Having studied the war and Israel's security situation, David Brooks similarly concludes that Israel has no good options at this point:
[I]n this war, Hamas is often underground, the Israelis are often aboveground, and Hamas seeks to position civilians directly between them. As Barry Posen, a professor at the security studies program at M.I.T., has written, Hamas’s strategy could be “described as ‘human camouflage’ and more ruthlessly as ‘human ammunition.’” Hamas’s goal is to maximize the number of Palestinians who die and in that way build international pressure until Israel is forced to end the war before Hamas is wiped out. Hamas’s survival depends on support in the court of international opinion and on making this war as bloody as possible for civilians, until Israel relents.
Israel has done far more to protect civilians than the United States did in Afghanistan and Iraq. It has sent out millions of pamphlets, texts and recorded calls warning civilians of coming operations. It has conducted four-hour daily pauses to allow civilians to leave combat areas. It has dropped speakers that blast out instructions about when to leave and where to go. These measures...have telegraphed where the I.D.F. is going to move next.
Hamas’s strategy is pure evil, but it is based on an understanding of how the events on the ground will play out in the political world. The key weakness of the Israeli strategy has always been that it is aimed at defeating Hamas militarily without addressing Palestinian grievances and without paying enough attention to the wider consequences. As the leaders of Hamas watch Washington grow more critical of Jerusalem, they must know their strategy is working.
Remember, Hamas wants to wipe Israel off the map, at any cost. Israel mostly wants its neighbors, like Hamas, to stop attacking it, but their political leadership and internal myopia, helped along by nearly-unlimited resources from the US, have blinded Israelis to the larger strategy of its enemies.

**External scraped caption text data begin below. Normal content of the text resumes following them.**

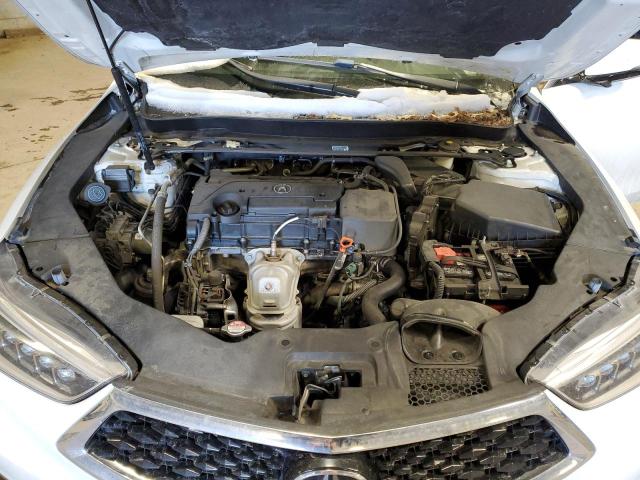 19UUB1F38JA004135 - 2018 ACURA TLX 白色 照片 11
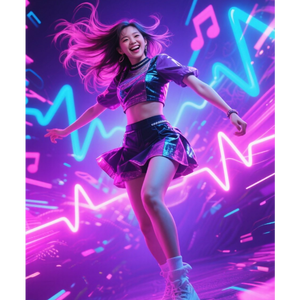 멈출 수 없는 리듬 (Unstoppable Rhythm) by YЦΠSΛMΛ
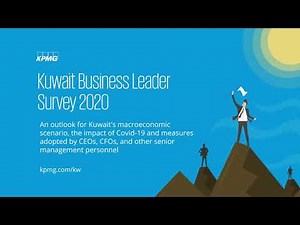 Kuwait business leaders survey 2020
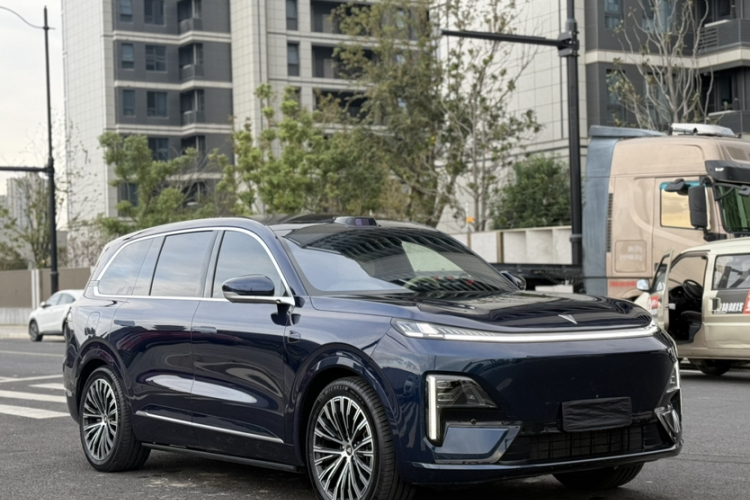 Deepal S09 2025 car image #9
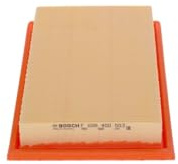 Bosch S0503 Car Air Replacement Filter | Separates Particles from the Air Intake - Moisture-resistant plus High Tensile Strength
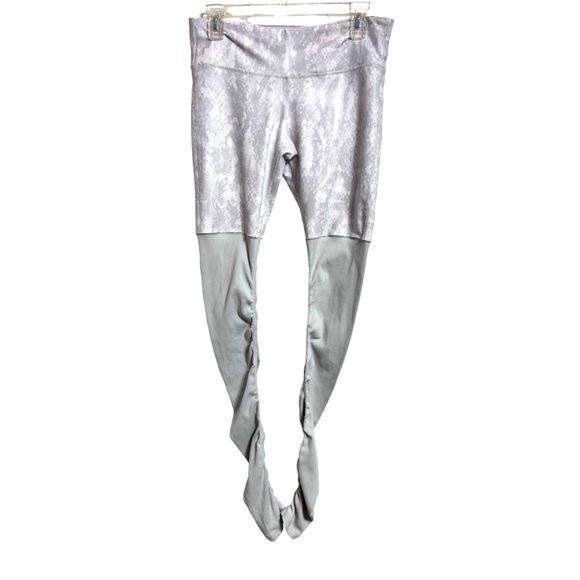 ALO Yoga Pants - SOLD- Alo Goddess Ruched Legging Yoga Tights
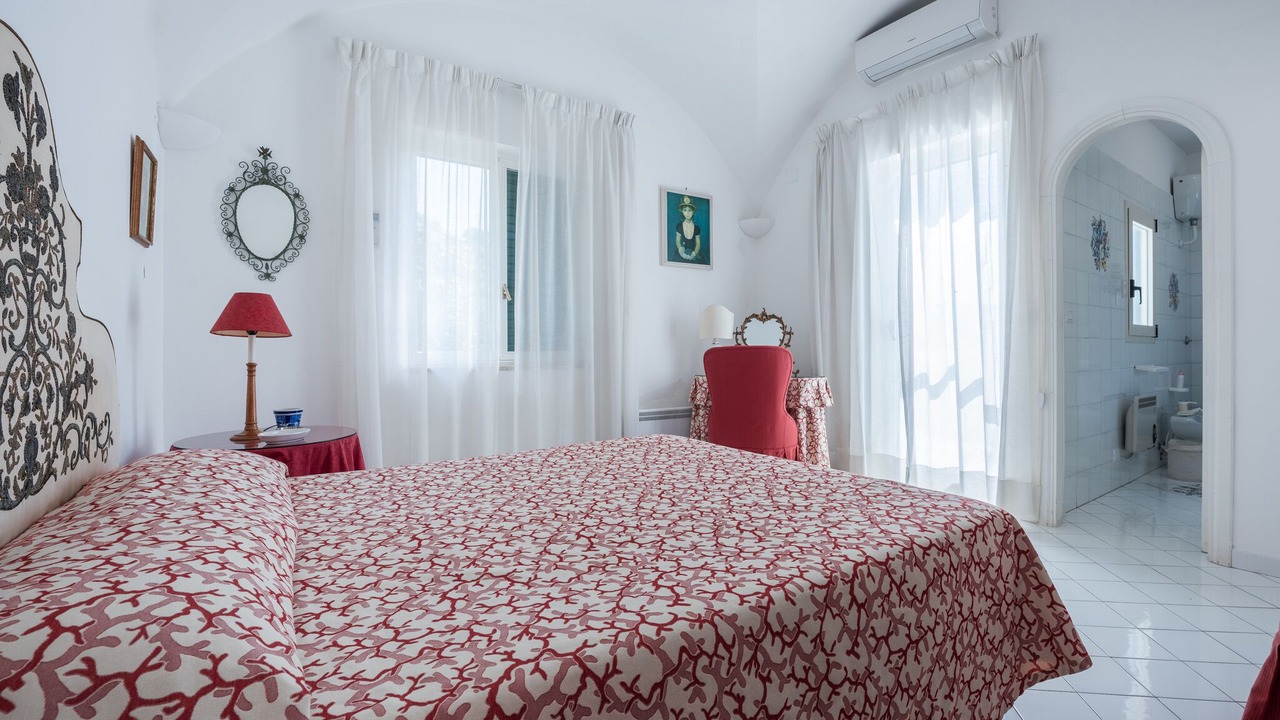 Photo of Bedroom in Tiberio
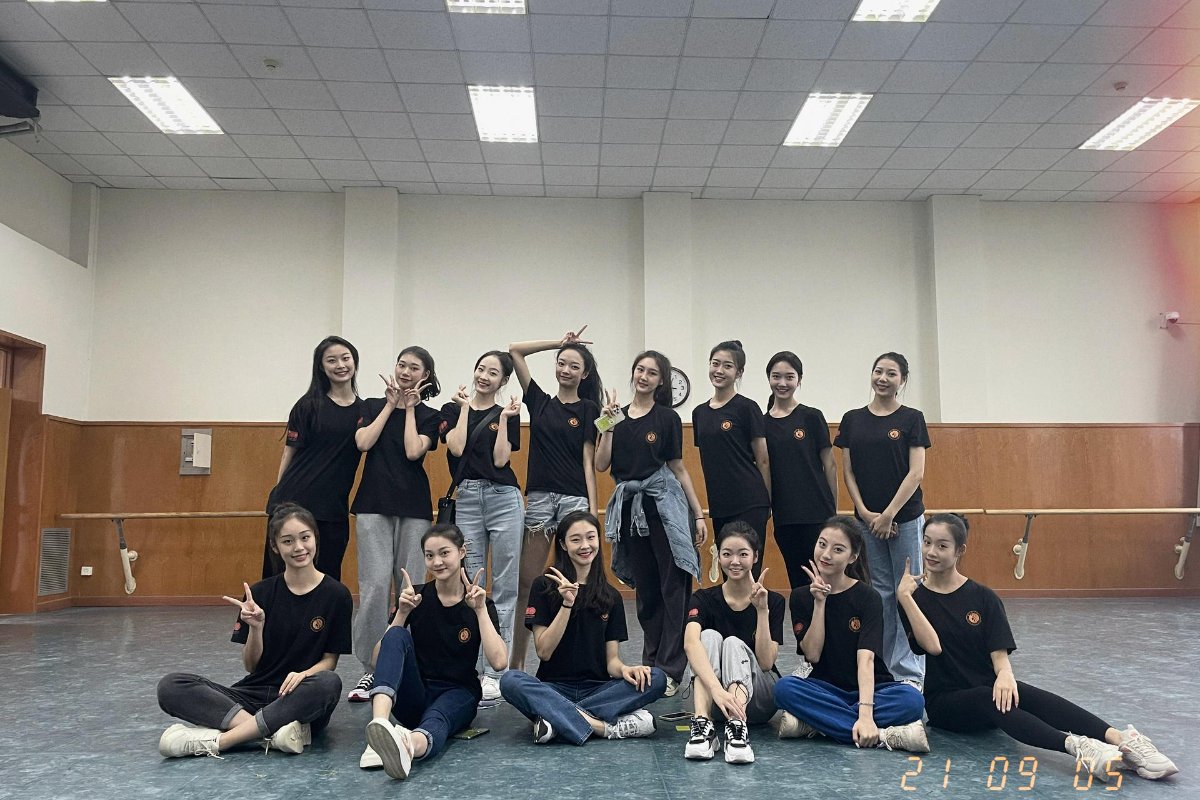 全国前十名的舞蹈学校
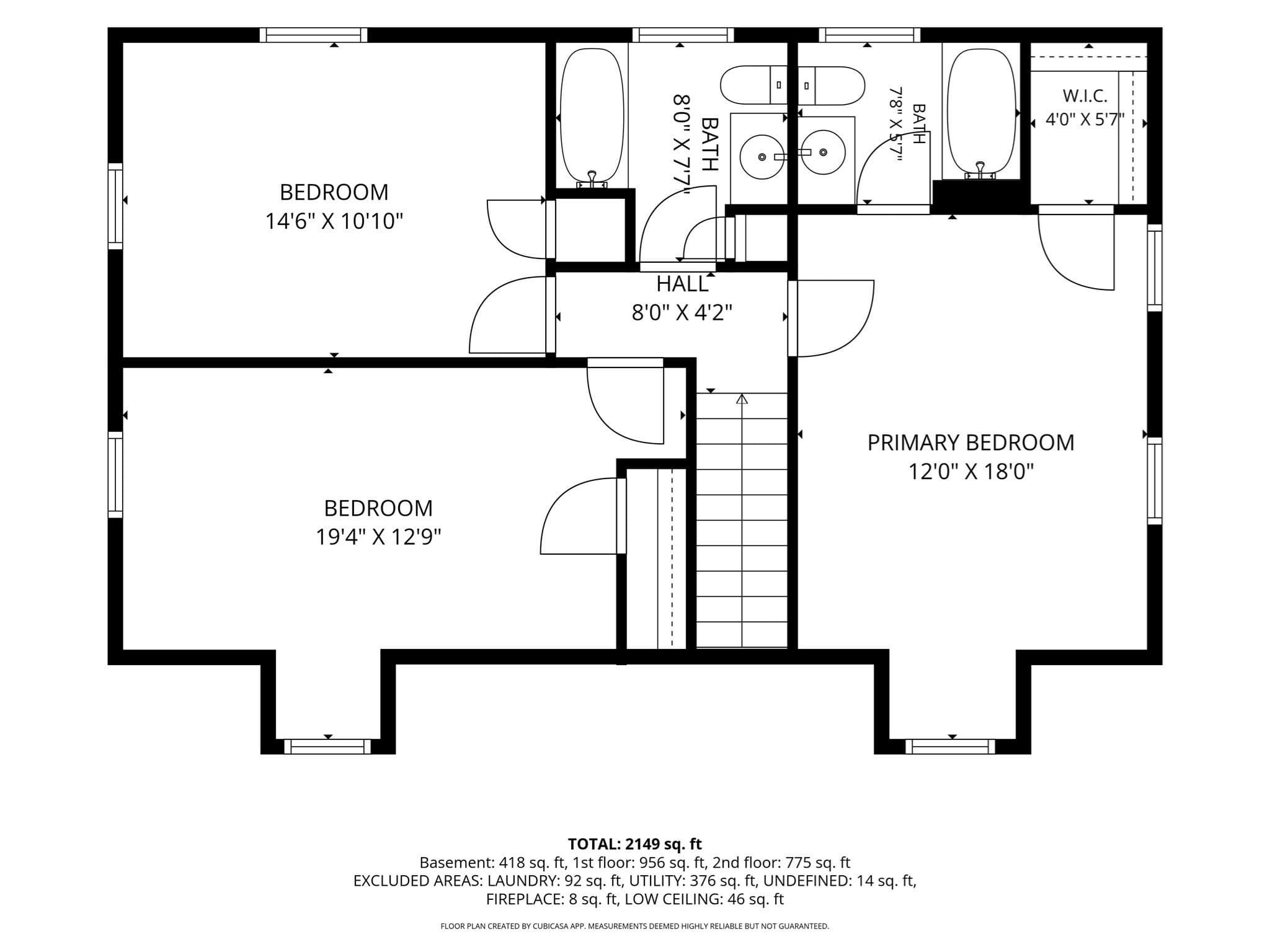 Single Family Residence at 66 Cottage Ln, Weymouth MA 02188, photo 35 of 38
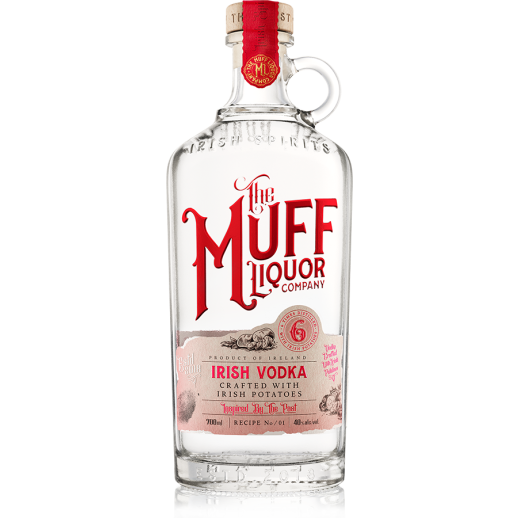 Muff Vodka 700 ML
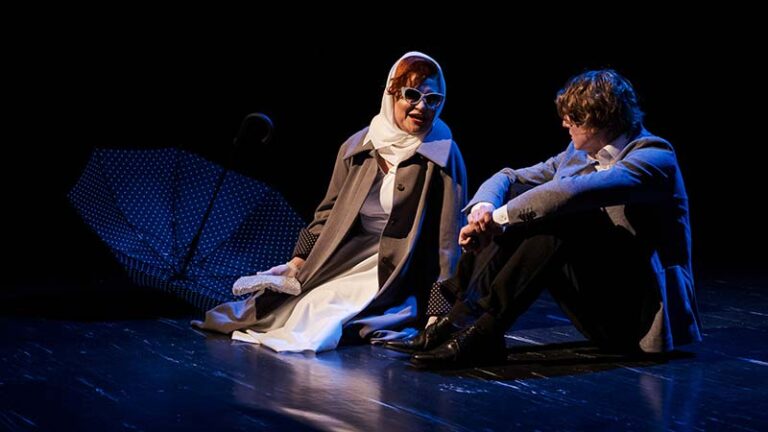 „Pani Pylińska i sekret Chopina”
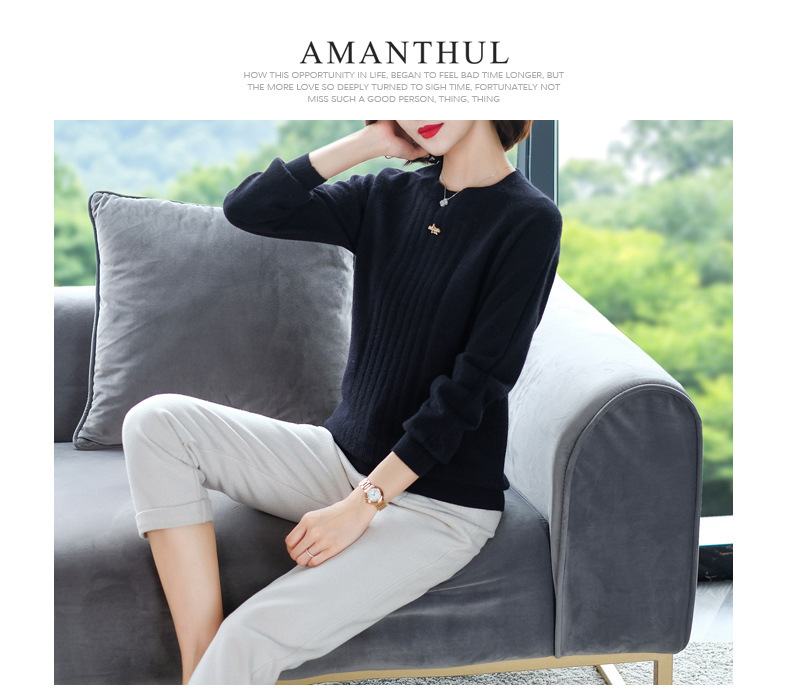 Pull femme en Viscose - Ref 3414825 Image 18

Hamas timed its attack on October 7th perfectly, striking a weak and craven Israeli prime minister whose political survival depends on listening to the most deranged people in his coalition. Of course Israel was going to over-react; that was part of the Hamas strategy. But maybe with the US and the UN putting pressure on both sides, we can pause for a moment and figure out how to end the war.